Representatives from the Lundquist Center for Entrepreneurship and the college's Warsaw Sports Marketing Center and Securities Analysis Center are traveling to China as part of an annual Engaging Asia Study Tour, now in its third year. The groups are visiting Beijing, Hong Kong, Shenzhen, and Shanghai to meet with entrepreneurial leaders, visit research and development facilities, spend time with fellow M.B.A. students and faculty, and tour high tech manufacturing operations.
"At the University of Oregon, we aim to excel in our core areas of academic strength and this honor affirms that we're continuing to raise our national profile as a destination for entrepreneurs," said Jim Bean, UO senior vice president and provost. "The fantastic work by our faculty and staff, and the accomplishments of our current students and alumni are significant contributions to the business industry."
The results of the survey, along with the analysis, appear in the October issue of Entrepreneur, which hits newsstands on Sept. 23. Additional information can be found at www.entrepreneur.com/topcolleges.
The Department of Finance's biennial conference draws leading scholars to advance understanding of a dynamic and critical industry.
Do the "best ideas" of mutual fund managers typically make money for their clients? If so, what explains the disappointing performance record of so many funds? Are retail mutual fund investors increasingly focusing on short-term fund performance, and does this then induce mutual fund portfolio managers to shorten their investment horizon? Can institutional mechanisms, such as central reporting of transactions in the equity lending market, help to reduce the costs of short-selling stocks?
These were among the several topics investigated at the 2008 Finance Conference, "Institutional Investors and the Asset Management Industry," hosted by the Department of Finance at the University of Oregon's Lundquist College of Business, July 31-August 1. This year's biennial event brought together leading finance scholars to evaluate and debate the implications from the latest empirical research related to the behavior and investment environment of professional investors, such as managers of pension fund and mutual fund assets.
"By bringing together leading academics, our finance conference accelerates scholarship that leads to a better understanding of the complicated interactions between investors, firms that demand capital, and regulators," explained Associate Professor of Finance John Chalmers, the finance department chair.

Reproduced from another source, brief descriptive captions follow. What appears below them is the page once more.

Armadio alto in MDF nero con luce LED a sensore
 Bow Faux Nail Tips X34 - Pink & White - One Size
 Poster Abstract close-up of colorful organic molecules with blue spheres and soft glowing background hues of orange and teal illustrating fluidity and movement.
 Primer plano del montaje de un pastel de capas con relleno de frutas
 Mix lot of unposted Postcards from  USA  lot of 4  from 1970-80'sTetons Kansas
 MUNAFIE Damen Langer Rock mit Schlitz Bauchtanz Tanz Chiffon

The conference reinforces the college's strong reputation for empirical finance research and helps build momentum for its Securities Analysis Center, one of four centers of excellence at the Lundquist College of Business offering a uniquely focused graduate curriculum. The Securities Analysis Center and the college's Finance Partners, a group of donors supporting excellence in finance research and education, jointly sponsored this year's conference.
"The Securities Analysis Center is here to both support and benefit from the scholarly work of our faculty, and this was a terrific conference with interesting and important new research. The focus on institutional investing and fund management hits close to home for all investors, thus highlighting the important role that scholarship can play in advancing knowledge in areas that are ultimately critical to all of us," said the center's Managing Director Ben Salm.
More than thirty scholars from business schools, industry groups, and regulatory agencies from around the world--such as the Chinese University of Hong Kong, the University of Texas, Harvard Business School, the Securities and Exchange Commission, and the Investment Company Institute--attended the two-day conference, which showcased nine papers chosen from over sixty submissions.